Barclays’ exit provided the Absa Group with the ideal opportunity to rebuild and rebrand from an African perspective. Its new strategy – encompassed in a new business purpose, “Bringing your possibility to life” – aims to align with its home-grown origins.
The bank revealed its new corporate identity in an African first, via a live Intel drone light show in the Johannesburg skyline.
Absa group marketing head David Wingfield says this refreshed expression of the brand represents Absa as an “entrepreneurial, digitally led bank with a deep knowledge of African markets and global scalability”.
The bank’s African identity is best expressed by the expression “africanicity”, a bespoke term created especially for Absa which describes, according to Wingfield, the way Africans are able to find ways to get things done.
At first glance it’s hard to see the “africanicity” in the bank’s new logo, created in consultation with OgilvyRED (New York), Grid Worldwide and Yellowwood and the new logo has received less than positive reviews on social media. “It’s crap and an abomination,” says Zwelakhe Tshabangu, founder and executive creative director of The Make Beautiful Agency. “Of all the South African banks Absa is arguably the most African, and yet there is nothing African at all about this logo. If this is as high as our creative standards in this country go then we’re really in trouble as an industry,” he says.
The big take out
As Barclays Plc lets go of its ownership in Absa, the Absa Group has taken the opportunity to forge a brand new African identity and re-establish itself as a standalone bank in a digital world.
“This is what happens when you try to create a new logo by committee,” says an equally unimpressed Phumi Mashigo, MD of Ignitive and this year’s AdFocus chair.
Absa has defended its new logo, arguing that the simplified “button-like” look aligns well with other brands that are gaining traction in the digital space.
And perhaps it has a point. Graphic designer and creative consultant Neo Rakgajane says while he sees the bank’s new logo as a missed opportunity from a design point of view, the new logo’s very blandness and its inability to offend anyone – with the possible exception of Openserve or SAB – may have been the point all along. “Banks by their very nature tend to be quite bland and in all likelihood this logo probably had to satisfy numerous different stakeholders,” he says.
Rakgajane predicts that, despite the less-than-enthusiastic comments about the logo, within the next two years it will have been plastered throughout Africa and will be indelibly imprinted on consumers’ minds as an African brand.
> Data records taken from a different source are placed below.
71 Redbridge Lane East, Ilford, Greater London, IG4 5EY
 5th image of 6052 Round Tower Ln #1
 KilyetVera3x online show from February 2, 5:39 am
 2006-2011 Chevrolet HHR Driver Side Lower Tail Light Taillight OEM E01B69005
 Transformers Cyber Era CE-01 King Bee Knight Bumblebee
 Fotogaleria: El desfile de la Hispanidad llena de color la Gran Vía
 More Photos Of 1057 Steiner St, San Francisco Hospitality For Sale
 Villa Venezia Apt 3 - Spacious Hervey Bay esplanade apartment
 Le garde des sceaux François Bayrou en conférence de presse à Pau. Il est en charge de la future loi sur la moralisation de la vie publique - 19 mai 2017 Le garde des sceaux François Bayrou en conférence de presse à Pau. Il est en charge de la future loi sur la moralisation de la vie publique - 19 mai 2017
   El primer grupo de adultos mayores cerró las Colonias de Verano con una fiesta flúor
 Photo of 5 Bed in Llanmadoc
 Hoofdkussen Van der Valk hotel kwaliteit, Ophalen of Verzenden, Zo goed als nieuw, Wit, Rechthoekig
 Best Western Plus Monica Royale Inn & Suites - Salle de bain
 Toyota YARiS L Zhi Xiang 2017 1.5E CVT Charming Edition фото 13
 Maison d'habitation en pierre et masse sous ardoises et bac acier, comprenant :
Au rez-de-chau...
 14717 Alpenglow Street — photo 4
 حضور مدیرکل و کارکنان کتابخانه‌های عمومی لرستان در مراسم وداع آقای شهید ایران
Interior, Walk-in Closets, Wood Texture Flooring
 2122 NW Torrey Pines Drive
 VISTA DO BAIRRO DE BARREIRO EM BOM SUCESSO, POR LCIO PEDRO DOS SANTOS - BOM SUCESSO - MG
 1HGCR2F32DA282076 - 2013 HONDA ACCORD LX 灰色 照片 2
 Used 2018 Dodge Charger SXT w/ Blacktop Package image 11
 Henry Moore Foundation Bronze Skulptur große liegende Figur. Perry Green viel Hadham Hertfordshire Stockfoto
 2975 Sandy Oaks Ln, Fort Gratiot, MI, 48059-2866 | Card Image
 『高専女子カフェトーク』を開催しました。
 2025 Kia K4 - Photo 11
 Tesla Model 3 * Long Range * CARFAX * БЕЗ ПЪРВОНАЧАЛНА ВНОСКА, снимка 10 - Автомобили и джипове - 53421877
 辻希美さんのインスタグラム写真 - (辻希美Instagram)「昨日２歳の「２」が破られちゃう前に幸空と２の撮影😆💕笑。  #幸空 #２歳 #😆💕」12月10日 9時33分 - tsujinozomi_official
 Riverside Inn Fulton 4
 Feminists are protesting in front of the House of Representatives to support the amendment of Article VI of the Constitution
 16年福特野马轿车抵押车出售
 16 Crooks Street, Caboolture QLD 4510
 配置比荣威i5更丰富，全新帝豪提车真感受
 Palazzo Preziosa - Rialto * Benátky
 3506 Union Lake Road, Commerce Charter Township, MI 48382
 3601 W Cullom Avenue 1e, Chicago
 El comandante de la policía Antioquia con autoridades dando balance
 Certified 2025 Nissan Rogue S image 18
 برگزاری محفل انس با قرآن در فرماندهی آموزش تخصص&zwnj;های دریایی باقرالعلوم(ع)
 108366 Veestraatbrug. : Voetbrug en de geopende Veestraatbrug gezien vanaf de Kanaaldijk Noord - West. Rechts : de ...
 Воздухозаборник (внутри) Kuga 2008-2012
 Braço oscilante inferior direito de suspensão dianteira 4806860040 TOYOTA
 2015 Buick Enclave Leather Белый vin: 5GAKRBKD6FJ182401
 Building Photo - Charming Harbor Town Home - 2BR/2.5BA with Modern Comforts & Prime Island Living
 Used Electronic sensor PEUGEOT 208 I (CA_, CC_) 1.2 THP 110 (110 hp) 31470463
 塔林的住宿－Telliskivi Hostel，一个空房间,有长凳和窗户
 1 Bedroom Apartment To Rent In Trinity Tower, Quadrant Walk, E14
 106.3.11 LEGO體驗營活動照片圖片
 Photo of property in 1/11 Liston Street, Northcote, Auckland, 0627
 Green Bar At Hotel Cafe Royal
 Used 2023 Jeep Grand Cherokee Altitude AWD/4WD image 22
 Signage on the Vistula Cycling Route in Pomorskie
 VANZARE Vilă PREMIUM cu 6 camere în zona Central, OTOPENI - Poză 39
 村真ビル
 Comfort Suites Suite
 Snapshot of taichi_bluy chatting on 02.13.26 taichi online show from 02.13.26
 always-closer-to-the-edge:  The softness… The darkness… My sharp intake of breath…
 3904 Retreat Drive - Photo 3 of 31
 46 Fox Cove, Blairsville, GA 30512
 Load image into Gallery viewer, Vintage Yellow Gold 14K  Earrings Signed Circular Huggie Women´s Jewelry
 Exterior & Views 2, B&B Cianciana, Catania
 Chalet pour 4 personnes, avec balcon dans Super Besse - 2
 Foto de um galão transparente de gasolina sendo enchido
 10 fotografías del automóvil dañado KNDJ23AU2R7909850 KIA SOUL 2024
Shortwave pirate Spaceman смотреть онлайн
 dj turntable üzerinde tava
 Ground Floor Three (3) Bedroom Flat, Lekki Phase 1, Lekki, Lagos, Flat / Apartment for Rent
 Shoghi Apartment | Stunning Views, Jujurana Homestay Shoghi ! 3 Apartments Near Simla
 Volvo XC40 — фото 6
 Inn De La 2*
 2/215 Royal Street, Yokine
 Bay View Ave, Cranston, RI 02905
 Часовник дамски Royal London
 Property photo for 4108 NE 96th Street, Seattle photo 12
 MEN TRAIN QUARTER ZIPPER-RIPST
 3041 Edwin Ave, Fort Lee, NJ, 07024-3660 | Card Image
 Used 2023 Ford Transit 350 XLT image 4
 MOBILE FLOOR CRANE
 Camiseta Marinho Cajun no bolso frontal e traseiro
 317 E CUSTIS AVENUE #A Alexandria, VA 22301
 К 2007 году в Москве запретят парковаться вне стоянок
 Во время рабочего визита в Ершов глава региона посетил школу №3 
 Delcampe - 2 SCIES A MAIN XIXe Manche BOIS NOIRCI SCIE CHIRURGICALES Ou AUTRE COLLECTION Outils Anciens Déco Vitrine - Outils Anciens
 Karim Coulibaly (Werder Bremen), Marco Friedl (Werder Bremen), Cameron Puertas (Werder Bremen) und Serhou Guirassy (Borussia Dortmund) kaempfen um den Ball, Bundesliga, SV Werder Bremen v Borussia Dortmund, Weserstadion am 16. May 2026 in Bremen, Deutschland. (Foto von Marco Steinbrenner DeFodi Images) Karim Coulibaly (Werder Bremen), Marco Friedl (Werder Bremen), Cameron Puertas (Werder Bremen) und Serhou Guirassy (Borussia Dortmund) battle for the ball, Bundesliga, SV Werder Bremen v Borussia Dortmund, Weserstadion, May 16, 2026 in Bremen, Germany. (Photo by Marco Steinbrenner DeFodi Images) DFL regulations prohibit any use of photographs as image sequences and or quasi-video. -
The refresh itself, according to the bank, will be a complex and lengthy process that will only be completed in 2019 and will be carried through to nine African markets over a two-year period where Barclays-branded banks will become Absa banks. All other collateral, from ATMs to documentation, digital platforms, branches and uniforms will be rebranded by mid-2020. So Rakgajane’s prediction could well be accurate from a timing point of view.